*YOUR OBJECTIVE*:
Retype the data that follows line by line, exactly, and leave its pictures out.

Top of MATERIAL PROVIDED

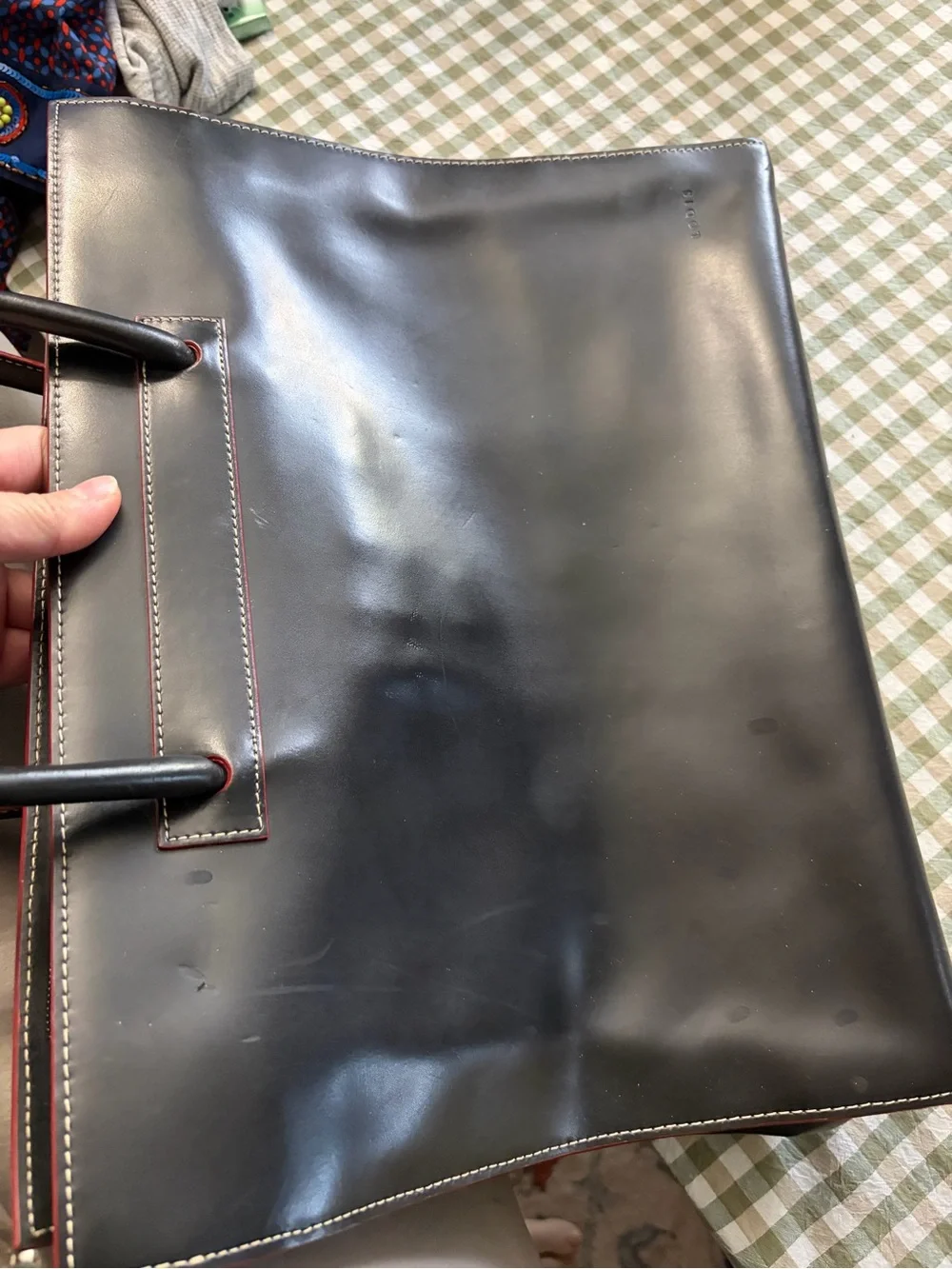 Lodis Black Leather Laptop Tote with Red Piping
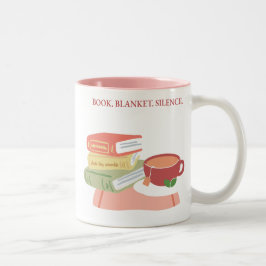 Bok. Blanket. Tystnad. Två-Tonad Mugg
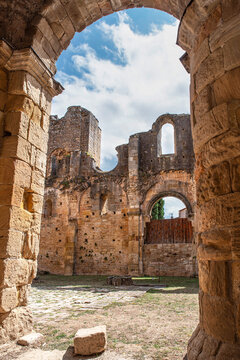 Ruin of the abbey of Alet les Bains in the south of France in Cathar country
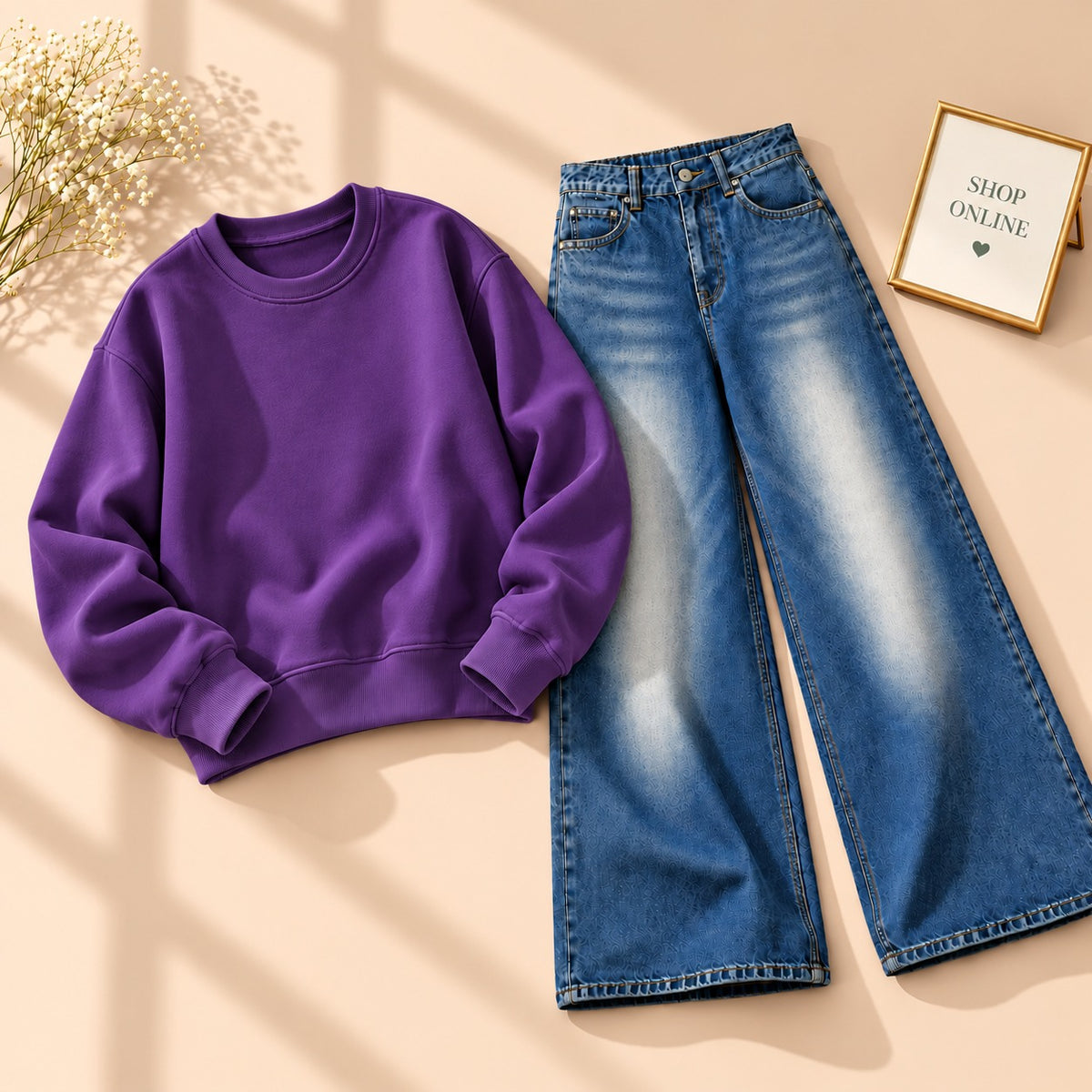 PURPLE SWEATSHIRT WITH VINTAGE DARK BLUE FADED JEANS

Bottom of MATERIAL PROVIDED

*ANSWER SPACE*:
 Lodis Black Leather Laptop Tote with Red Piping
 Bok. Blanket. Tystnad. Två-Tonad Mugg
 Ruin of the abbey of Alet les Bains in the south of France in Cathar country
 PURPLE SWEATSHIRT WITH VINTAGE DARK BLUE FADED JEANS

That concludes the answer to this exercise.